Lanelle told the bookseller Amir Naghib:

“McCarthy was very much unlike his writing, “which can be so dark. It was amazing that he could conjure that, but he wasn’t like that at all. He was just the most wonderful man who had the most wonderful laugh. He was a wonderful friend”.

John was an expert in and lover of horses, serving for some time as President of the East Tennessee Quarter Horse Association. The Quarter horses, a breed created by crossing English thoroughbred with other American-grown horses, was bred with Mustangs from the western planes. Pioneers found that the new crossbreed had an innate “cow sense,” a natural instinct for working with cattle, making it the quintessential cowboy’s horse. So, in the late 1980s or early 1990s, McCarthy called John for help accurately describing horses in his forthcoming novel All the Pretty Horses.

“McCarthy always wanted to make things as accurate as absolutely possible. My husband used to be in rodeos and just knew what could and couldn’t be done. So those three books [All the Pretty Horses, The Crossing, Cities of the Plain] Cormac either sent him a copy or a manuscript and he would say, ‘read this for me and tell me if all this is feasible’. And so he would read it and would circle things that couldn’t be done and say, you know, you wouldn’t do this” (Lanelle Holley to Kellar, op. cit.)

When John passed away in 2015, McCarthy called Lanelle many times. In late 2022 she reached out to ask if she could send two copies of his new books, The Passenger and Stella Maris, to be inscribed. McCarthy agreed, inscribed the books, and sent them back.

The Passenger, inscription to Lanelle Holley.

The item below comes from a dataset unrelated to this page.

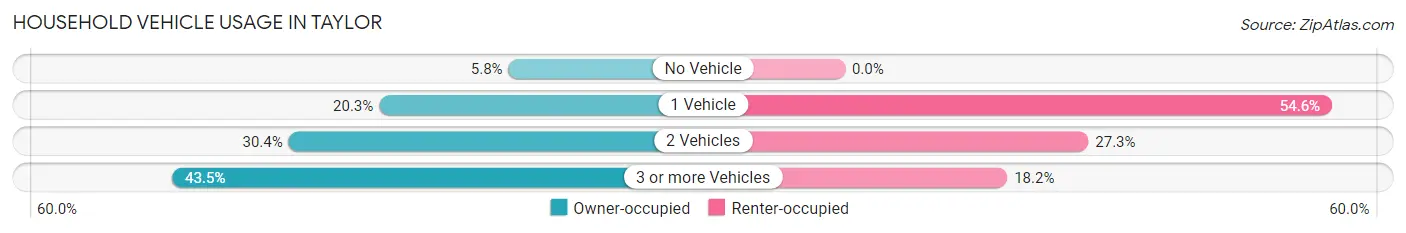 Household Vehicle Usage in Taylor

The long friendship between McCarthy and the Holleys remained largely unknown until the collection of books by McCarthy inscribed to them went at auction at Case Antiques in Knoxville on January 27, 2024. It included inscribed copies of nearly all his novels, from The Orchard Keeper to Stella Maris, except for Child of God and, as always, The Road. Other valuable materials were not auctioned at Case: some letters and postcard went to the Wittliff Collection held at Texas State University in San Marcos; three early typescripts of The Gardener’s Son, Cities of the Plain and No Country for Old Men were sold by the dealer Stuart Lutz.

NOTABLE COPIES:

– GONZALES COPY. A fine copy, inscribed to McCarthy’s friend and biographer Laurence Gonzales and housed in his private collection.

COLLECTING TOPICS: unsigned copies in collector condition are common given the huge first print run. Signed or inscribed copies are, however, quite scarce, possibly rare, as McCarthy passed away just seven months after the book publication. This is the only copy I have seen to date aside from the one in the Gonzales collection.

The inscription to Laurence Gonzales in his copy (courtesy of Laurence Gonzales).